WASHINGTON, Dec 21 (NNN-MERCOPRESS) — According to a report from the International Monetary Fund (IMF) released Tuesday, Brazil is now the ninth-largest economy in the world, thus displacing Canada from that position.
“They don’t know the work you have to do to be so lucky,” President Luiz Inácio Lula da Silva posted on social networks after receiving the news.
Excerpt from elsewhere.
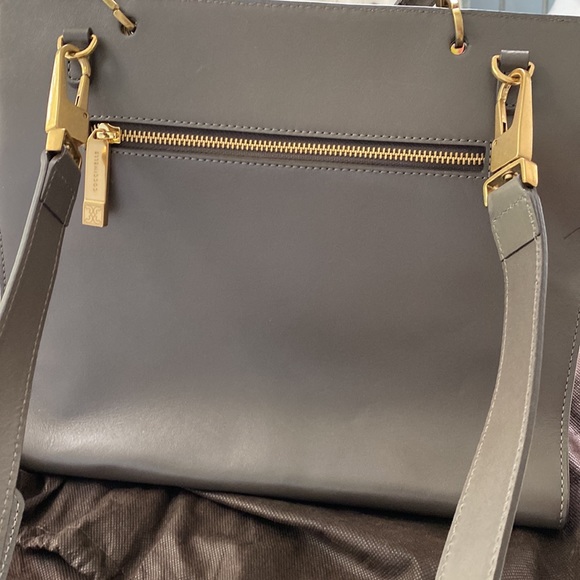 Coccinelle Purse NEW WITH TAGS - Picture 6 of 7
In 2020, under then-President Jair Bolsonaro, the South American country had fallen to 12th place.
Between 2009 and 2014, during the end of Lula’s second term and the beginning of Dilma Rousseff’s administration (2011-2016), Brazil became the sixth-largest economy in the world, surpassing even the United Kingdom in terms of Gross Domestic Product (GDP).
According to the IMF document, the world’s top 20 economies in 2023 are the United States, China, Germany, Japan, India, the United Kingdom, France, Italy, Brazil, Canada, Russia, Mexico, South Korea, Australia, Spain, Indonesia, Turkey, the Netherlands, Saudi Arabia, and Switzerland.
The report highlights that Brazil’s GDP is estimated at US$ 2.13 trillion. The Gross Domestic Product (GDP) is a macroeconomic magnitude that expresses the monetary value of a country’s or region’s production of goods and services for final demand during a given period, usually one year or quarterly. According to the IMF, ”GDP measures the monetary value of final goods and services, which are purchased by the end user, produced in a country over a given period of time.”
The GDP reflects the economic evolution of a country and enables comparisons with other countries while understanding the dynamics of growth and/or economic development, among others.